Now for the niggles:

  • A minor thing, sure, but what’s Reece’s real name?
  • The insta-love frustrated me along with the whole ‘our love is destined to be doomed and we’ll both be miserable for all of eternity or for as long as we live (whichever is applicable) so we shouldn’t be together. But first, let’s kiss some more’.
  • Reece telling Angie that he’s been in love with her since they were six. Now, this would have been worthy of an aww if not for the fact that he would’ve been about 190, give or take a few years, at that stage which kind of morphed my aww into eww!.
  • The whole thing about the big ‘event’ when loved ones are being searched for. When they all meet up at Angie’s house after being separated did Angie not wonder or bother to ask Deno if his parents were alive or dead?
  • You know the whole horror movie girl victim/heroine who is always running up the stairs when she should be running out the door? I had that frustration with Angie. I kept wanting to yell at her to just leave! You can’t say she didn’t have ample warning time, yet she still managed to wind up caught up in the ‘event’ like everyone else. What use is fair warning if you don’t listen, sweetheart?

So, my rating. If I didn’t have this many niggles, the writing would’ve deserved 5 stars. The niggles and frustration I felt while I was reading would usually have made it a 3 stars but the writing was just so darn good. So I’m splitting the difference and giving this 4 stars.

Thank you so much to NetGalley and Entangled Teen, an imprint of Entangled Publishing, LLC, for the opportunity to read this book. I will definitely read future books by Meg Kassel.

Rating: 4 out of 5.

Once Upon a Blurb

A simple but forgotten truth: Where harbingers of death appear, the morgues will soon be full.

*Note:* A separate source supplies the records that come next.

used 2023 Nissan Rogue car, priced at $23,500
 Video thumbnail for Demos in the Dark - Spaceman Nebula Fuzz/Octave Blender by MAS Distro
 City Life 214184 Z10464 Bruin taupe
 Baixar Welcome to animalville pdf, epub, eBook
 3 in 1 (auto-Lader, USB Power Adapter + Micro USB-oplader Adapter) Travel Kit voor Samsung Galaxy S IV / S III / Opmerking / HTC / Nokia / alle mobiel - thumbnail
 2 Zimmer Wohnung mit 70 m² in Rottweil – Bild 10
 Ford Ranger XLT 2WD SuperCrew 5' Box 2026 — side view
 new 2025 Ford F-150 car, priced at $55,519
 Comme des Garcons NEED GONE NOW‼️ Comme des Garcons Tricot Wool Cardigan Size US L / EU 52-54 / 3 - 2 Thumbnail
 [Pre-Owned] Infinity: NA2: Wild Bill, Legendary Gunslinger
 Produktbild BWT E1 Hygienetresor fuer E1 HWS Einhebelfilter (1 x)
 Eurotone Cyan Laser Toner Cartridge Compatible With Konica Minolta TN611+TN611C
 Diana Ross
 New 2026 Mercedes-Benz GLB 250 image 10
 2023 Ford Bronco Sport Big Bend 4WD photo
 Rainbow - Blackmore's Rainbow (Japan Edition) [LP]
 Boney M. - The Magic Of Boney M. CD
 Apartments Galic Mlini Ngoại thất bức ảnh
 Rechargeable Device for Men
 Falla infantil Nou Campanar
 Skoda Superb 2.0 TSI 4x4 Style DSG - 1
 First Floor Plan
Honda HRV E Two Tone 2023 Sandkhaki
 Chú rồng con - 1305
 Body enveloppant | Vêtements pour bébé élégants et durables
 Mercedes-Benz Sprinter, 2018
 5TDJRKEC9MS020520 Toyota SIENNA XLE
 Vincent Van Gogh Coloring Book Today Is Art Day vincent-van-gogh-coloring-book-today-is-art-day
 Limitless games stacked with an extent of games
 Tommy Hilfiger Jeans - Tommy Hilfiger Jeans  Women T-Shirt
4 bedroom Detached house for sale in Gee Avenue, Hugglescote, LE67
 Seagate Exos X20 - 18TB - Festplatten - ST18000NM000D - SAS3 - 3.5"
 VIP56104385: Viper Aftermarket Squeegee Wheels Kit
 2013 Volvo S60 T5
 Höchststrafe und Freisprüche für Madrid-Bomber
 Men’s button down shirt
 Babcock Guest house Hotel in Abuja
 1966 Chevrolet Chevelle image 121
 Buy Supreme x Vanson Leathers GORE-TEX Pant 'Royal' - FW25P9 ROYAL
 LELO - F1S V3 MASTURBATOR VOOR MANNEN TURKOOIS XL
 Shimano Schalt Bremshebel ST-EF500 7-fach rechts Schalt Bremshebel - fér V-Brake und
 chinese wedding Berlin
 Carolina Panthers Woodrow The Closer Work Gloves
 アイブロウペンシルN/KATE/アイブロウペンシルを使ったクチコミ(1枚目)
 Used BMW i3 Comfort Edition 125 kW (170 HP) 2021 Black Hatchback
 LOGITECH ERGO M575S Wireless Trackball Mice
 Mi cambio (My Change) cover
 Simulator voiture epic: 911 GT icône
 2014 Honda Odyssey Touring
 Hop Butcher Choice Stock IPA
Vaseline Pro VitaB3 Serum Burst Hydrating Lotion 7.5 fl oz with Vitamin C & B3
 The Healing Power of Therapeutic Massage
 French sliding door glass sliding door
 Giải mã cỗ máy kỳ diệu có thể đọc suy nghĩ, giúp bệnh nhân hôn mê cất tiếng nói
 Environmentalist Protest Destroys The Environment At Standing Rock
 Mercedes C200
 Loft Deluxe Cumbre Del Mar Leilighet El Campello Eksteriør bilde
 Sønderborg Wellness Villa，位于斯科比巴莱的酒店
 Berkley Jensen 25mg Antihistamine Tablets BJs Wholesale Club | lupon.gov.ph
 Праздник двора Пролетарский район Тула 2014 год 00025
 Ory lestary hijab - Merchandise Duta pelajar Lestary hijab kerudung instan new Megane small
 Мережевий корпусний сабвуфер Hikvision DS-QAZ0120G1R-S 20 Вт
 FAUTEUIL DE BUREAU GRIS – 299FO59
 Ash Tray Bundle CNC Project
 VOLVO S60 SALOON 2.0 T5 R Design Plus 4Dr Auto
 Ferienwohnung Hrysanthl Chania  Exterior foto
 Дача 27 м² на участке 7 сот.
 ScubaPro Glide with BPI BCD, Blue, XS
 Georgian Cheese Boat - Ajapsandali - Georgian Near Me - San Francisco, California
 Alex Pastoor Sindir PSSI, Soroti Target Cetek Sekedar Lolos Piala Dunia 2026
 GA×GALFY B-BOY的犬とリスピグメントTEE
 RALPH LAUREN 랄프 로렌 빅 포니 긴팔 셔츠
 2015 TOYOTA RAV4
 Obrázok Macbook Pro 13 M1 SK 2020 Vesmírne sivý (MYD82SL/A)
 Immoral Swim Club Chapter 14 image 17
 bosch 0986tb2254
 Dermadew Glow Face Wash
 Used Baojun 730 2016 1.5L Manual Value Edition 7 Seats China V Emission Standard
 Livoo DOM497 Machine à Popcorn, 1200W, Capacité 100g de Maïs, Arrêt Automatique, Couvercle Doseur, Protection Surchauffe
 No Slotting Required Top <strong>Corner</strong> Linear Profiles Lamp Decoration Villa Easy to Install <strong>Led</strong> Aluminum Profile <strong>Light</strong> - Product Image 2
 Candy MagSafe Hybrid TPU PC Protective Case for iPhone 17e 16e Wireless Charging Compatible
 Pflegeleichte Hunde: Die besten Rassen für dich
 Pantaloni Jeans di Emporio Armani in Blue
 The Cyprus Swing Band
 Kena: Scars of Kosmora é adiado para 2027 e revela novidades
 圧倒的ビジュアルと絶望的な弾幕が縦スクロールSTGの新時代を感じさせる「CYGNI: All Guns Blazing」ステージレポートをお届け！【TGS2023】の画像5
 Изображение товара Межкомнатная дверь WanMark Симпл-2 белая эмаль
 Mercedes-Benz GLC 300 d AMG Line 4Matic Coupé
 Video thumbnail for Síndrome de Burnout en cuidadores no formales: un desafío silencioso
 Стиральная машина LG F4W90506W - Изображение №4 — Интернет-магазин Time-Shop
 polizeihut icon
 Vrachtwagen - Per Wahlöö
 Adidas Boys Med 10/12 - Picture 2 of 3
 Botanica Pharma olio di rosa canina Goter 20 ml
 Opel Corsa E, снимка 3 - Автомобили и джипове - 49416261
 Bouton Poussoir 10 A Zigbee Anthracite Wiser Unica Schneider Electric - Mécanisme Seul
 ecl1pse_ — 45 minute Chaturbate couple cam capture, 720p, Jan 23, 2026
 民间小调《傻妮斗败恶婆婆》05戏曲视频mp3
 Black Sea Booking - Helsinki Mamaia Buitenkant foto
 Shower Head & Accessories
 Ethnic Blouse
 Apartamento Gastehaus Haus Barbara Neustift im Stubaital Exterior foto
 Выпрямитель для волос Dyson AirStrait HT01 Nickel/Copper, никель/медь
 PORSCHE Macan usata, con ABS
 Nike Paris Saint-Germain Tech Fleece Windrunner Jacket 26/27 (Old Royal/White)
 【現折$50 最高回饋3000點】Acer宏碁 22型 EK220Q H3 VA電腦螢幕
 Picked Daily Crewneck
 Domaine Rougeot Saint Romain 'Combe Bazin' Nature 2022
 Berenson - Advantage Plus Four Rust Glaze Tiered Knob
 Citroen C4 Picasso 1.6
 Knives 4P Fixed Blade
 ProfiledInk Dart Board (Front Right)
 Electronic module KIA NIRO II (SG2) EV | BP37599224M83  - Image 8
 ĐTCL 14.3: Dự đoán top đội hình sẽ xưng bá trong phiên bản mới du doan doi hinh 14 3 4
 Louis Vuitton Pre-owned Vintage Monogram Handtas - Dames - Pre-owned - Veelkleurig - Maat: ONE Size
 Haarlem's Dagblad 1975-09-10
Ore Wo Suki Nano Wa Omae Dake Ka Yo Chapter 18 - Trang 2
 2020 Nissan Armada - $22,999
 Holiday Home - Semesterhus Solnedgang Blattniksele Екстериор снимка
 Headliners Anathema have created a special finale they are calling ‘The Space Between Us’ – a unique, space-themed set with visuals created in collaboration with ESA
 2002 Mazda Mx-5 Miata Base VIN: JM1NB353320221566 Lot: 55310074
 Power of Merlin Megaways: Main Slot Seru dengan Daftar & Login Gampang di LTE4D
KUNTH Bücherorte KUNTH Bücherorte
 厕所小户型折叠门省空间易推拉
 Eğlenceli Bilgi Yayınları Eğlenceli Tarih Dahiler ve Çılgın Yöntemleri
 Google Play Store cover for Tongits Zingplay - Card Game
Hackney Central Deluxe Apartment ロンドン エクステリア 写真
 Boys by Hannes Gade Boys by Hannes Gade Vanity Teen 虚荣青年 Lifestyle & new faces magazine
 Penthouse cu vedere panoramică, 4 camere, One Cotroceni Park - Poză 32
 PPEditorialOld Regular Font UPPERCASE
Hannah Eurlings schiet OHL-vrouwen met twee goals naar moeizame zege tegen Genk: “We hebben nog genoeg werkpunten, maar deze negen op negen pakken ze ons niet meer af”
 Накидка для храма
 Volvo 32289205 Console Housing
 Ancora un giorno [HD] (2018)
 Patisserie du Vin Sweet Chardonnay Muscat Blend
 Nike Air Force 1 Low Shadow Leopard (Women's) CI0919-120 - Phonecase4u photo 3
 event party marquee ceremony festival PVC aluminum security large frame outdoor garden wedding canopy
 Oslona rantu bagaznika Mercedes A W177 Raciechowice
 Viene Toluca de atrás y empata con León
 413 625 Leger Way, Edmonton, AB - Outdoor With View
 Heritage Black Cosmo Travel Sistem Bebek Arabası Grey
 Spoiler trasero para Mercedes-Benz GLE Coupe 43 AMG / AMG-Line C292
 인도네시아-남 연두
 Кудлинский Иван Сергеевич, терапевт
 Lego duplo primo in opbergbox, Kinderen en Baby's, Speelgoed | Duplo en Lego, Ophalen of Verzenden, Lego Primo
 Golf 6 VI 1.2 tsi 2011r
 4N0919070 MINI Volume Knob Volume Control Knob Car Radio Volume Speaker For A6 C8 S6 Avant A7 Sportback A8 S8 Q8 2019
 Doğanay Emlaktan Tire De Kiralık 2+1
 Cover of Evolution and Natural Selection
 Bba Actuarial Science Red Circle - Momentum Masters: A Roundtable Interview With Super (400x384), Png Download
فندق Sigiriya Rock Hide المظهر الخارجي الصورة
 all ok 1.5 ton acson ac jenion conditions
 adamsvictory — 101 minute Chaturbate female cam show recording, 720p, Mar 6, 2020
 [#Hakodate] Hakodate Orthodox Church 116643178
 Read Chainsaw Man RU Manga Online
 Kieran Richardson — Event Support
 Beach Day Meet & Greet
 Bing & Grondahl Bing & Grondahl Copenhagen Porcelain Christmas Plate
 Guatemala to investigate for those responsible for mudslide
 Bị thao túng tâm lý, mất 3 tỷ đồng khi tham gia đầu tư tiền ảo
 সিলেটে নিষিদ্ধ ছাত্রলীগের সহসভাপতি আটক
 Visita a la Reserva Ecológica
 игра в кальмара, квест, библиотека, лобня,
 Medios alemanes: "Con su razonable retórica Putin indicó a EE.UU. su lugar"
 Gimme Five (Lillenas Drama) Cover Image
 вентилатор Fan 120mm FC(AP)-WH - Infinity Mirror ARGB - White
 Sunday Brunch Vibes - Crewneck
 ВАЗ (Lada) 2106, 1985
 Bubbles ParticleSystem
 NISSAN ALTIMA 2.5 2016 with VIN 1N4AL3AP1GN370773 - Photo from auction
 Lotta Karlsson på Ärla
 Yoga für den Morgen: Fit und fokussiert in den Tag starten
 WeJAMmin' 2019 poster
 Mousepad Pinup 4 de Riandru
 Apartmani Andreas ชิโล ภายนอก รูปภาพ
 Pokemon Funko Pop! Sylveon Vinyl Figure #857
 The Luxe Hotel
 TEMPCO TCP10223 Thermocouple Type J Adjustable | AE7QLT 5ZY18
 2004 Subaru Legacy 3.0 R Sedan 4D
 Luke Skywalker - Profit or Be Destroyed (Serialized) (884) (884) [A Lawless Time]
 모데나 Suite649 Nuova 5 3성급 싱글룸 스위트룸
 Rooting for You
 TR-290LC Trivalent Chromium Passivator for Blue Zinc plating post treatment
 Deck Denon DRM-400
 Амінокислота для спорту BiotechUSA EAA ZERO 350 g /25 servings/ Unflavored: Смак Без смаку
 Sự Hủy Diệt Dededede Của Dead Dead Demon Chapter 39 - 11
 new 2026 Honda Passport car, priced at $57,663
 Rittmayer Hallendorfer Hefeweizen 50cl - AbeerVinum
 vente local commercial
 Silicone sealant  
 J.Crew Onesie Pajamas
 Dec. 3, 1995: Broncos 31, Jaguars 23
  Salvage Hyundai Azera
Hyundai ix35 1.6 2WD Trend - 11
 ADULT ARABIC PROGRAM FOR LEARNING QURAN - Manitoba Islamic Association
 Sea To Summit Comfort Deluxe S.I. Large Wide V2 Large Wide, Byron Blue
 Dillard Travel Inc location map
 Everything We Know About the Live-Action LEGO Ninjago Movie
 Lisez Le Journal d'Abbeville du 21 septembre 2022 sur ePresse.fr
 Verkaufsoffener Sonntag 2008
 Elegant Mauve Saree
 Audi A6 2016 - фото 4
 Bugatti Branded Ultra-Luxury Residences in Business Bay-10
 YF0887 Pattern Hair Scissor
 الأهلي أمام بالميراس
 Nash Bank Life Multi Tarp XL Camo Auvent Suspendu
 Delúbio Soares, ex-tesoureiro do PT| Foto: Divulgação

Angie Dovage can tell there’s more to Reece Fernandez than just the tall, brooding athlete who has her classmates swooning, but she can’t imagine his presence signals a tragedy that will devastate her small town. When something supernatural tries to attack her, Angie is thrown into a battle between good and evil she never saw coming. Right in the center of it is Reece — and he’s not human.

What’s more, she knows something most don’t. That the secrets her town holds could kill them all. But that’s only half as dangerous as falling in love with a harbinger of death.